Vitamin D deficiency is common in women with early breast cancer; therefore, evaluate 25-hydroxy vitamin D concentrations prior to initiating exemestane therapy. Begin vitamin D supplementation in patients with vitamin D deficiency.
Pregnancy should be avoided by females of reproductive potential during treatment and for at least 1 month after the last dose. Although there are no adequately controlled studies in pregnant animals or humans, exemestane can cause fetal harm and is expected to result in adverse reproductive effects because of its mechanism of action. In animal studies following oral administration of exemestane 1 mg/kg, radioactivity related to 14-C-exemestane and its metabolites crossed the placenta of rats, with concentrations in maternal and fetal blood approximately equivalent. When rats were given exemestane from 14 days prior to mating until either days 15 or 20 of gestation, and resuming for the 21 days of lactation, an increase in placental weight was seen at approximately 1.5 times the recommended human dose on a mg/m2 basis. Increased resorptions, reduced number of live fetuses, decreased fetal weight, retarded ossification, prolonged gestation, and abnormal or difficult labor was observed at approximately 7.5 times the recommended human dose on a mg/m2 basis. In rabbits, daily doses of exemestane during organogenesis caused a decrease in placental weight at 70 times the recommended human dose on a mg/m2 basis, and in the presence of maternal toxicity, abortions, increased resorptions, and reduced fetal weight occurred at 210 times the recommended human dose on a mg/m2 basis. Fetal malformations were not seen in rats or rabbits at approximately 320 and 210 times the recommended human dose on a mg/m2 basis, respectively.
Counsel patients about the reproductive risk and contraception requirements during exemestane treatment. Exemestane can cause fetal harm if taken by the mother during pregnancy. Females should avoid pregnancy and use effective contraception during and for at least 1 month after treatment with exemestane. Females of reproductive potential should undergo pregnancy testing within 7 days prior to initiation of exemestane. Women who become pregnant while receiving exemestane should be apprised of the potential hazard to the fetus. In addition, based on animal data, exemestane treatment may result in impaired fertility or infertility in both males and females.

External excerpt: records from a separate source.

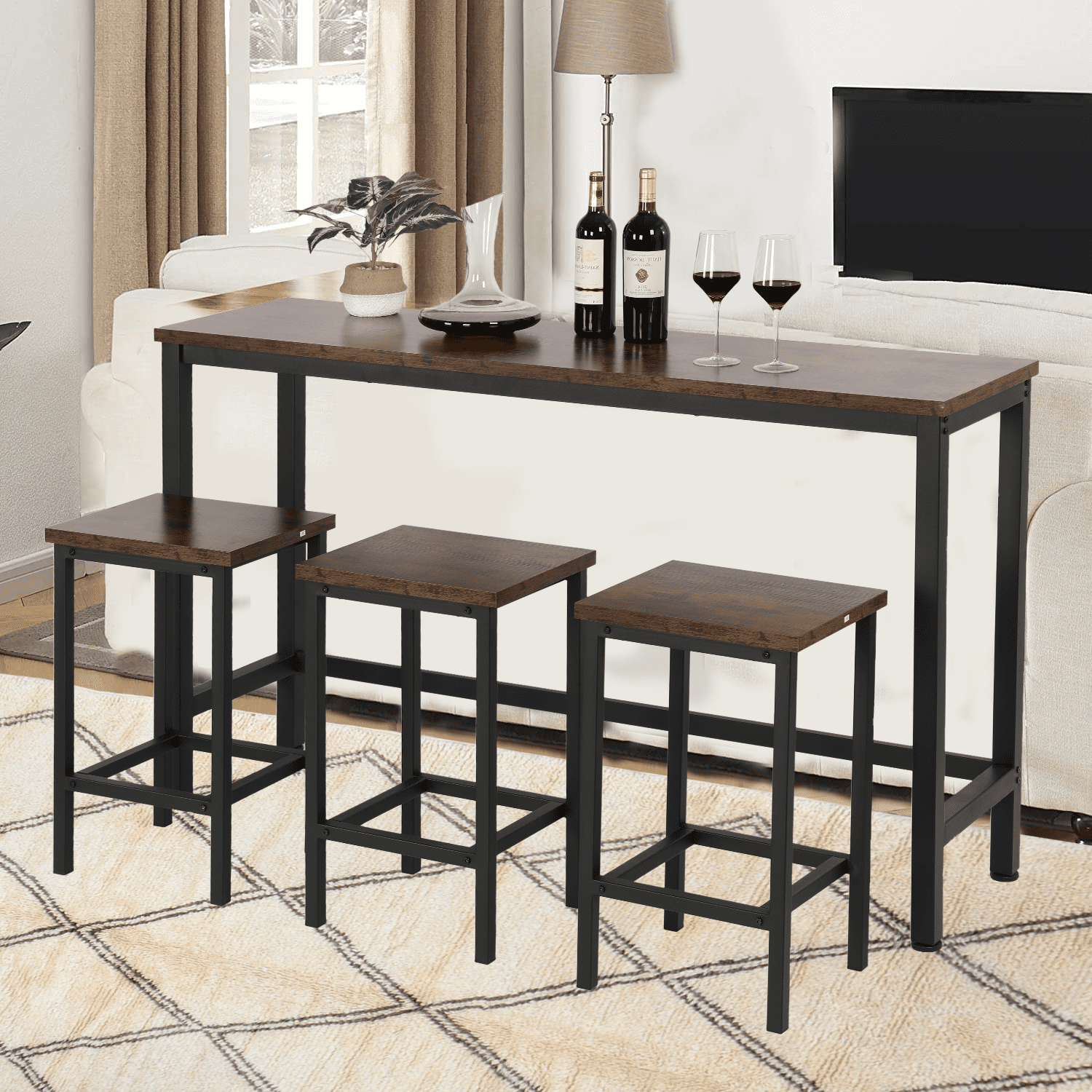 4Piece Counter Height Dining Set, Long Pub Table and 3 Stools Set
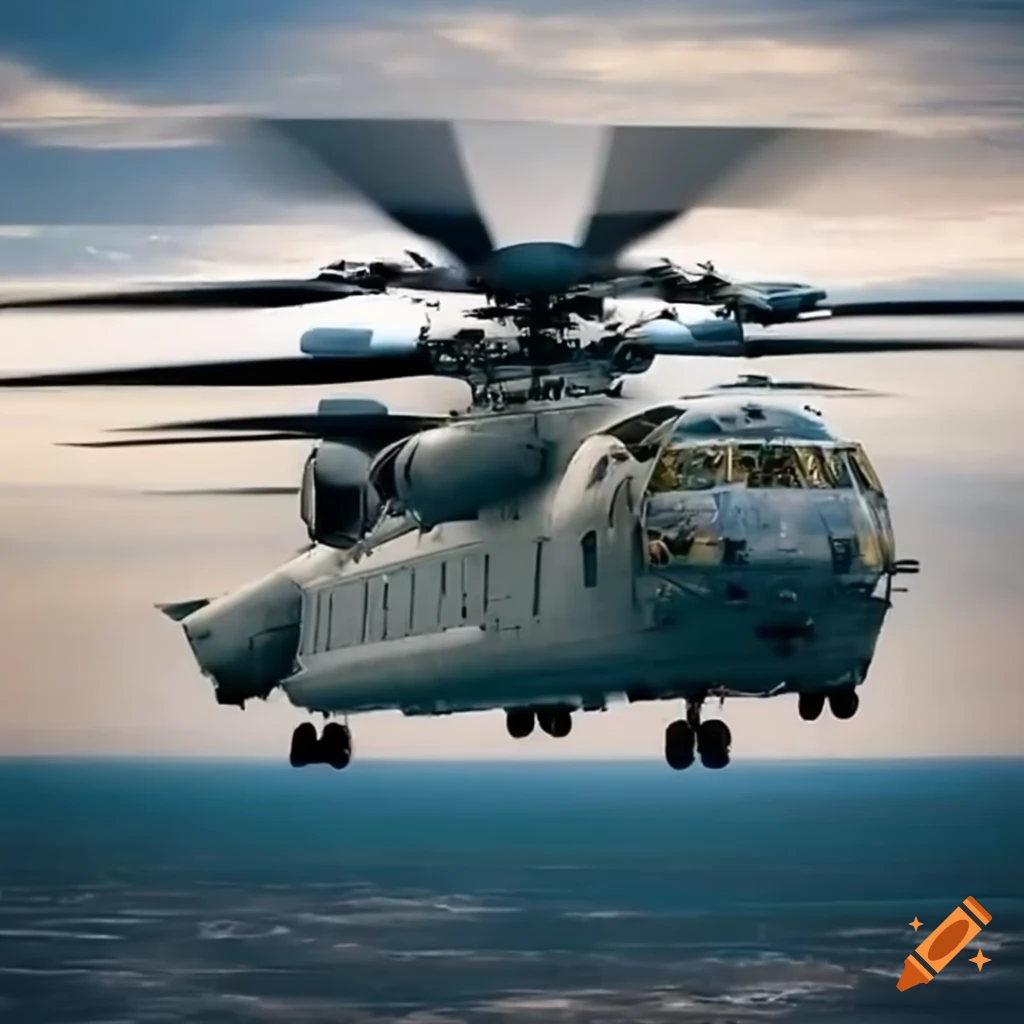 cargo helicopter soaring through the sky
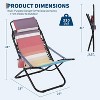 Lightweight beach chair with cup holder and carrying bag, portable, holds up to 250 lbs, rainbow colors - 2 of 4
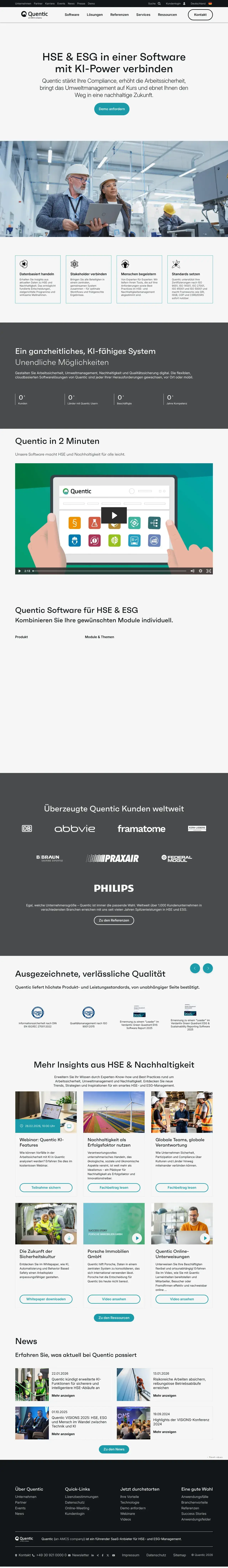 Vollständiger Screenshot von Quentic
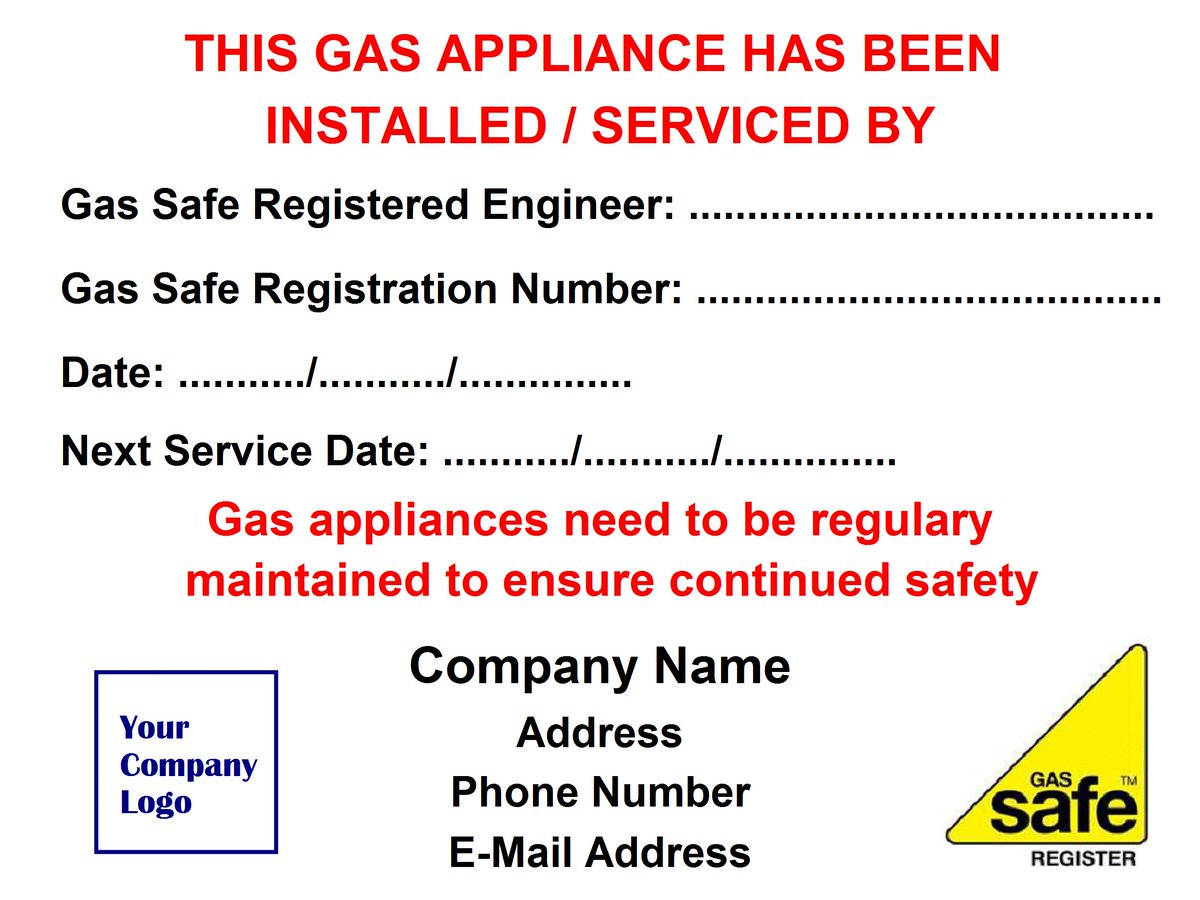 LabelDesignUK's tweet photo. Gas Labels available with company/contractor logo or both (gas safe No. required) £12/50 labels or only £21 per 100. https://t.co/A5VlX05LHn https://t.co/P2EPilbeWp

Due to the potential for serious adverse reactions in nursing infants from exemestane, advise women to discontinue breast-feeding during treatment and for 1 month after the final dose. Exemestane is not indicated for premenopausal women and thus should not be given to women who are breast-feeding their infants. It is not known if exemestane is excreted into human breast milk; however, it has been detected in the breast milk of animals.
Pain was reported in 13% of postmenopausal women with advanced breast cancer who received exemestane (n = 358) in a randomized, double-blind, comparative study. Tumor-site pain occurred in 8% of patients with advanced breast cancer who received exemestane in the overall clinical trials program (n = 1058).

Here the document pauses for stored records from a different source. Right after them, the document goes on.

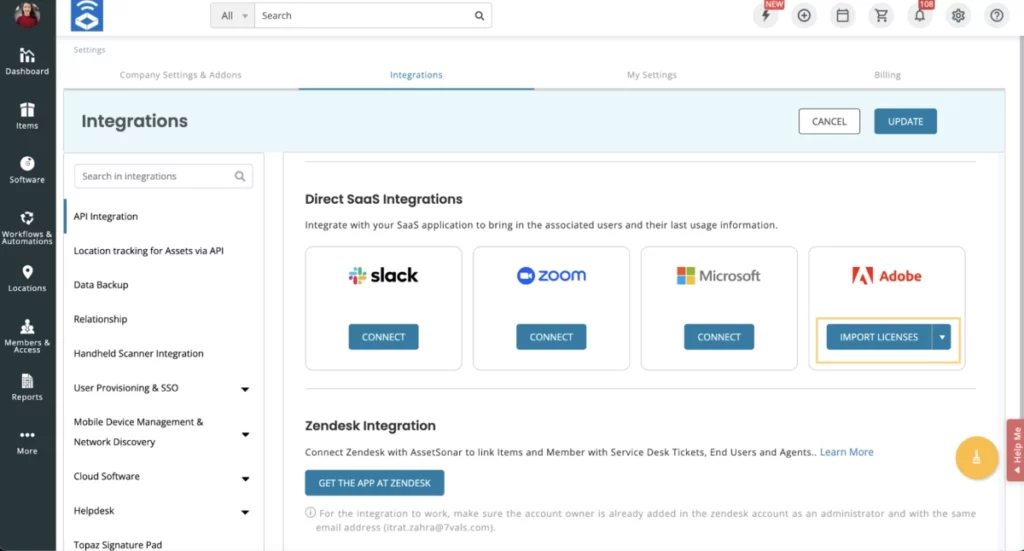 Adobe integrations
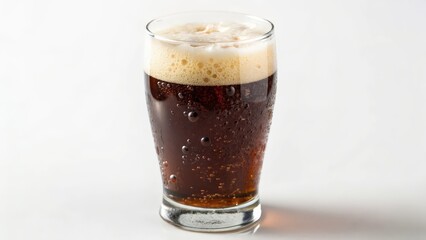 Glass of Cold Fizzy Root Beer with Foam on White Background, Refreshing Soft Drink
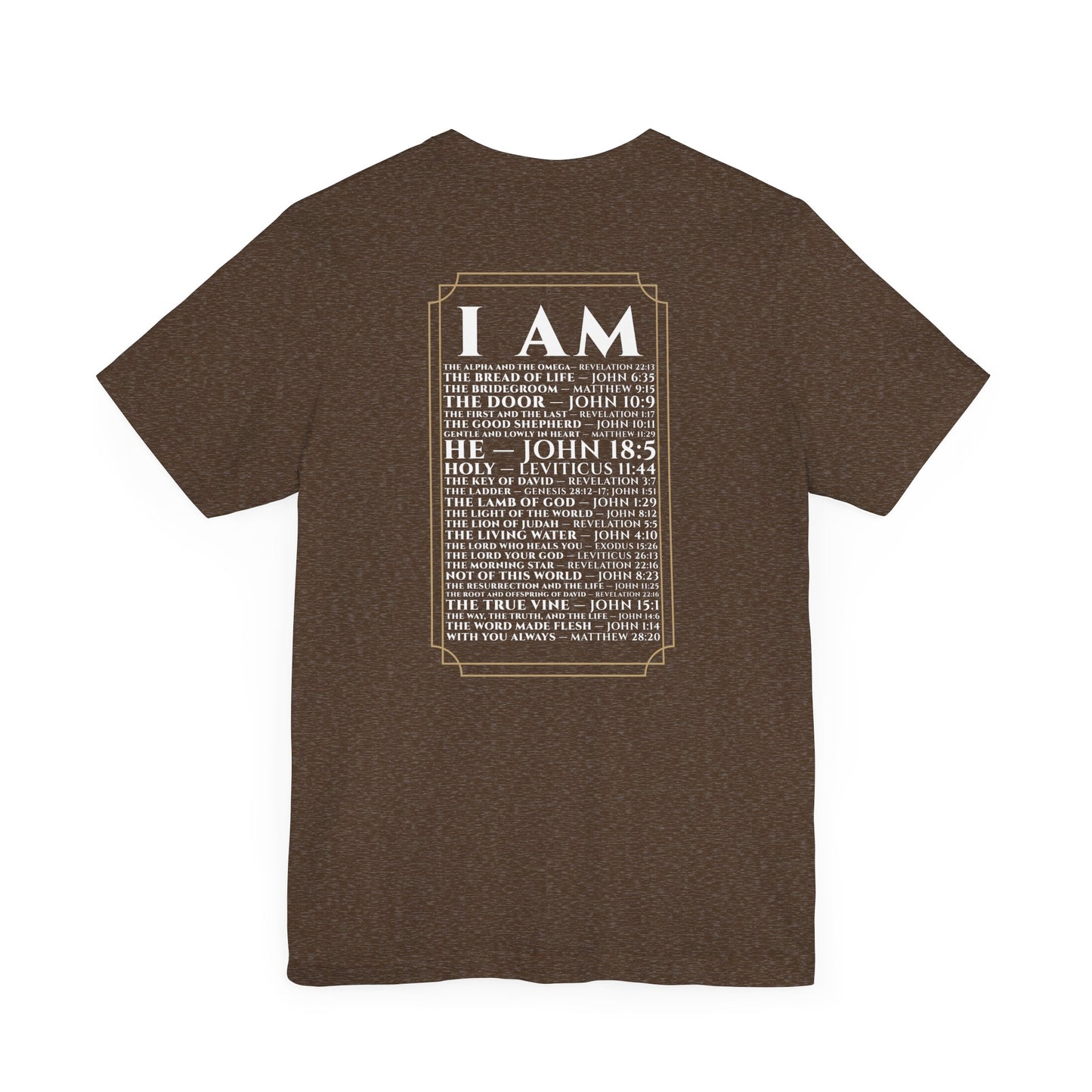Back view of The Great I AM Christian t-shirt showing biblical design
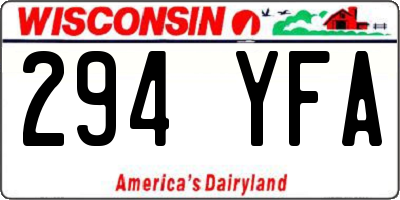 WI license plate 294YFA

Elevated creatinine levels were reported in 5.8% of postmenopausal women with early breast cancer who received adjuvant therapy with exemestane (n = 2252) in a randomized, double-blind, comparative study. Additionally, elevated creatinine levels occurred in 5.5% of patients who received adjuvant exemestane therapy (n = 73) compared with 0% of patients who received placebo (n = 73) in a randomized, double-blind, parallel group study.
Musculoskeletal adverse events including arthralgia (2—14.6%), back pain (2—8.6%), and bone fractures (2—5%) have been reported with exemestane therapy. Arthralgia (14.6%), limb pain (9%), back pain (8.6%), osteoarthritis (5.9%), osteoporosis (4.6%), clinical bone fractures (4.2%), carpal tunnel syndrome (2.4%), muscle cramps (1.5%), osteochondrosis (0.3%), and trigger finger (0.3%) were reported in postmenopausal women with early breast cancer who received adjuvant therapy with exemestane (n = 2252) in a randomized, double-blind, comparative study. Additionally, myalgia occurred in 5.5% of patients who received adjuvant exemestane therapy (n = 73) compared with 4.1% of patients who received placebo (n = 73) in a randomized, double-blind, parallel group study. From baseline to 24 months, lumbar spine bone mineral density (BMD) decreased by 3.14% and 3.51% and femoral neck BMD decreased by 4.15% and 4.57% in these 2 studies. Pathological bone fractures were reported in 2—5% of postmenopausal women with advanced breast cancer who received exemestane (n = 358) in a randomized, double-blind, comparative study. Arthralgia, back pain, and skeletal pain occurred in 2—5% of patients with advanced breast cancer who received exemestane in the overall clinical trials program (n = 1058).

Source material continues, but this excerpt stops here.